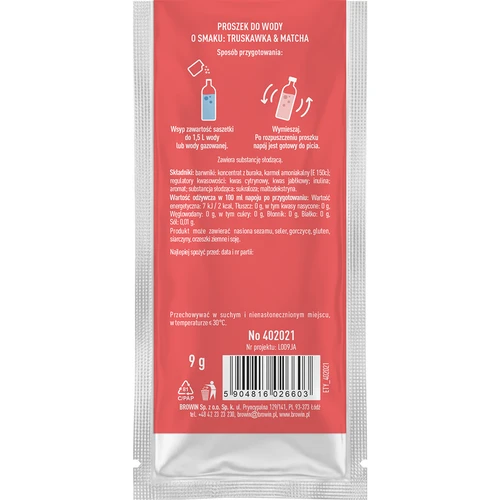 VSYPTO z okusom Jagoda Matcha, 9 g - 3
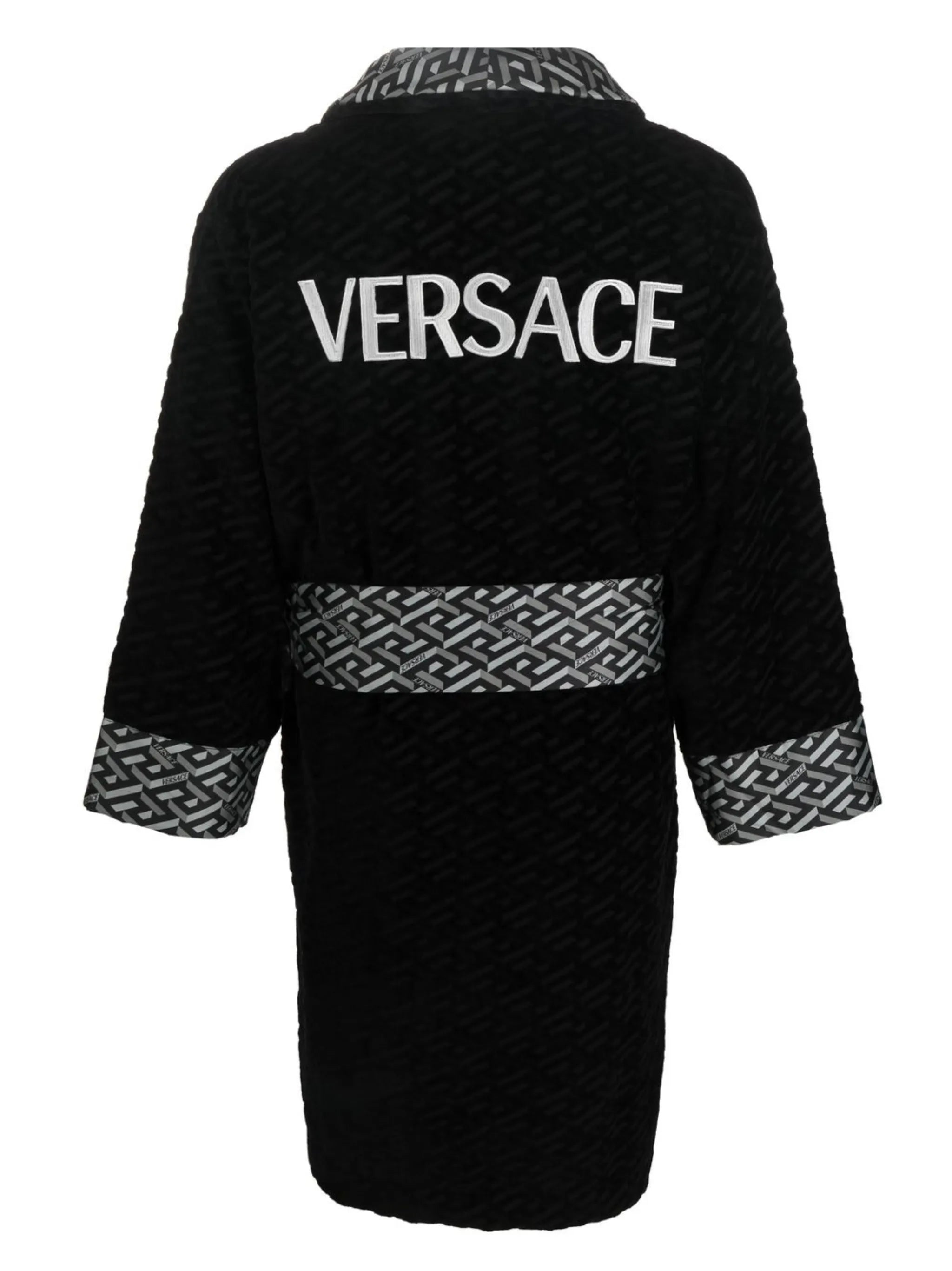 logo-monogram bath robe
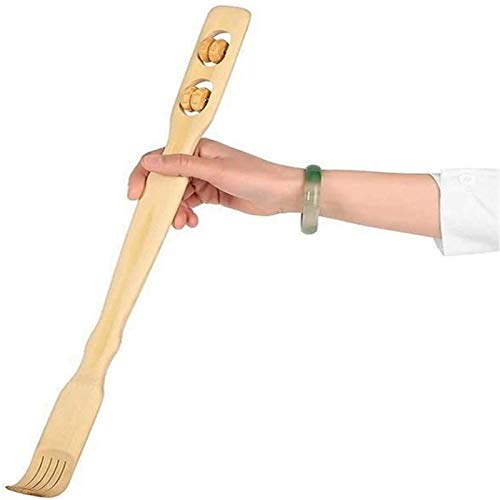 JYtop-online Juego de 2 piezas de rascador tradicional de espalda y masajeador de relajación corporal para alivio de picazón, fuerte y resistente, 100% bambú natural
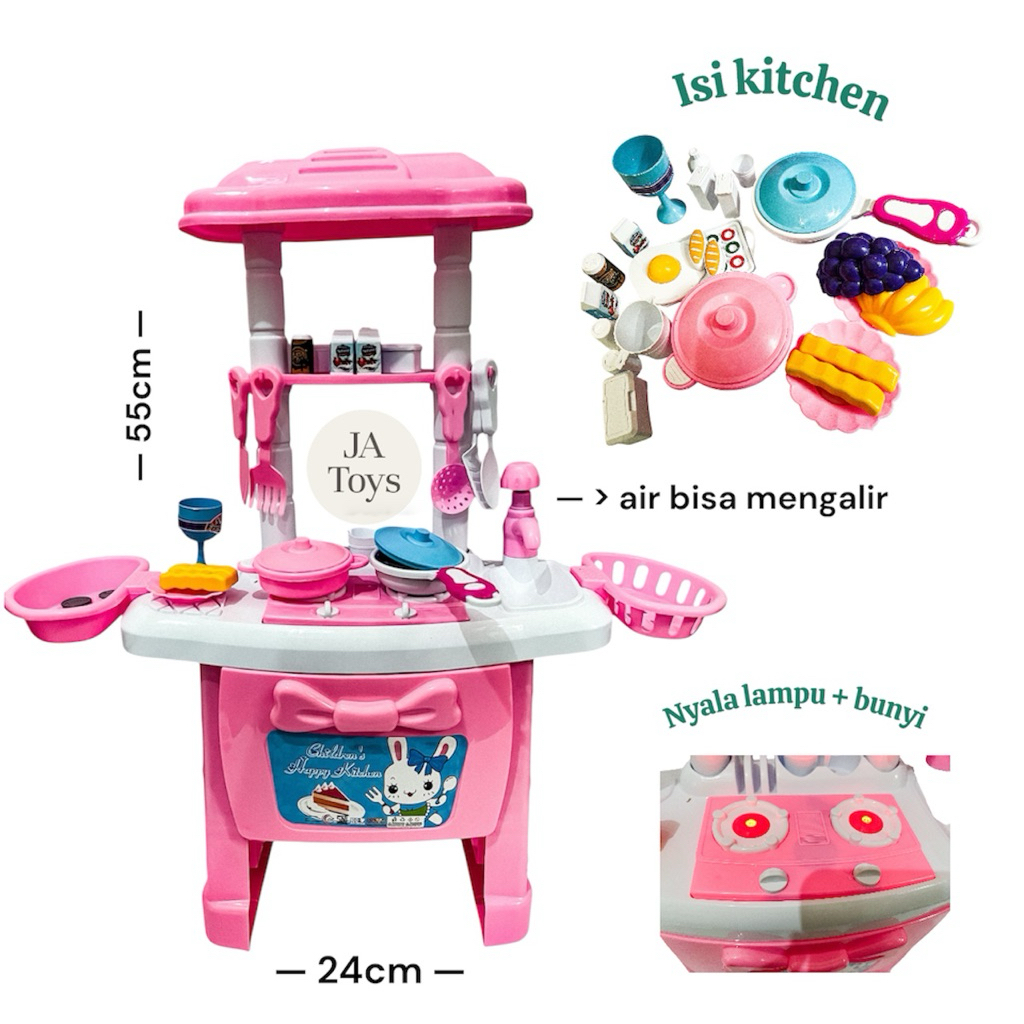 +FK 111 - Mainan Meja Kompor Bisa Nyala dan Bunyi Suara ada Keran wastafel FK111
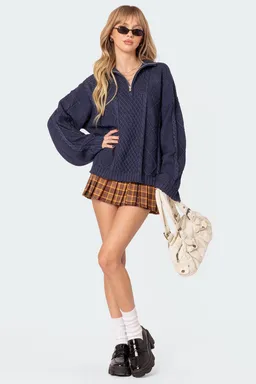 Sweater oversize con cierre de Edikted en Buzos y Sweaters para argentina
------------------------
- Exercise requirements:
The expected response is every line of the material, written out exactly, with the images removed.

- Solution below:
 VSYPTO z okusom Jagoda Matcha, 9 g - 3
 logo-monogram bath robe
 JYtop-online Juego de 2 piezas de rascador tradicional de espalda y masajeador de relajación corporal para alivio de picazón, fuerte y resistente, 100% bambú natural
 +FK 111 - Mainan Meja Kompor Bisa Nyala dan Bunyi Suara ada Keran wastafel FK111
 Sweater oversize con cierre de Edikted en Buzos y Sweaters para argentina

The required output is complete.